I am new to XML.
i downloaded a XML file, called ipg140722,from google drive, http://www.google.com/googlebooks/uspto-patents-grants-text.html
, I used Window 8.1, R 3.1.1,
library(XML)
url<- "E:\\clouddownload\\R-download\\ipg140722.xml"
indata<- xmlTreeParse(url)
XML declaration allowed only at the start of the document
Extra content at the end of the document
error: 1: XML declaration allowed only at the start of the document
2: Extra content at the end of the document
what is the problem
Note: This post is edited from the original version.
The object lesson here is that just because a file has an xml
extension does not mean it is well formed XML.
If @MartinMorgan is correct about the file, Google seems to have taken all the patents approved during the week of 2014-07-22 (last week), converted them to XML, strung them together into a single text file, and given that an xml
extension. Clearly this is not well-formed XML. So the challenge is to deconstruct that file. Here is away to do it in R.
lines <- readLines("ipg140722.xml")
start <- grep('<?xml version="1.0" encoding="UTF-8"?>',lines,fixed=T)
end <- c(start[-1]-1,length(lines))
library(XML)
get.xml <- function(i) {
txt <- paste(lines[start[i]:end[i]],collapse="\n")
# print(i)
xmlTreeParse(txt,asText=T)
# return(i)
}
docs <- lapply(1:10,get.xml)
class(docs[[1]])
# [1] "XMLInternalDocument" "XMLAbstractDocument"
So now docs
is a list of parsed XML documents. These can be accessed individually as, e.g., docs[[1]]
, or collectively using something like the code below, which extracts the invention title from each document.
sapply(docs,function(doc) xmlValue(doc["//invention-title"][[1]]))
# [1] "Phallus retention harness" "Dress/coat"
# [3] "Shirt" "Shirt"
# [5] "Sandal" "Shoe"
# [7] "Footwear" "Flexible athletic shoe sole"
# [9] "Shoe outsole with a surface ornamentation contrast" "Shoe sole"
And no, I did not make up the name of the first patent.
Response to OPs comment
My original post, which detected the start of a new document using:
start <- grep("xml version",lines,fixed=T)

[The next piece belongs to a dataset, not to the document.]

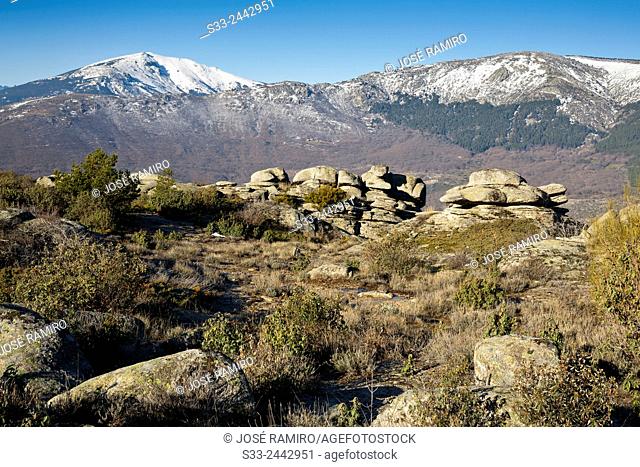 The Najarra peak from Cabeza Arcon in Bustarviejo. Madrid. Spain. Europe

was too naive: it turns out the phrase "xml version" appears in the text of some of the patents. So this was breaking (some of) the documents prematurely, resulting in mal-formed XML. The code above fixes that problem. If you un-coment the two lines in the function get.xml(...)
and run the code above with
docs <- lapply(1:length(start),get.xml)
you will see that all 6961 documents parse correctly.
But there is another problem: the parsed XML is very large, so if you leave these lines as comments and try to parse the full set, you run out of memory about half way through (or I did, on an 8GB system). There are two ways to work around this. The first is to do the parsing in blocks (say 2000 documents at a time). The second is to extract whatever information you need for your CSV file in get.xml(...)
and discard the parsed document at each step.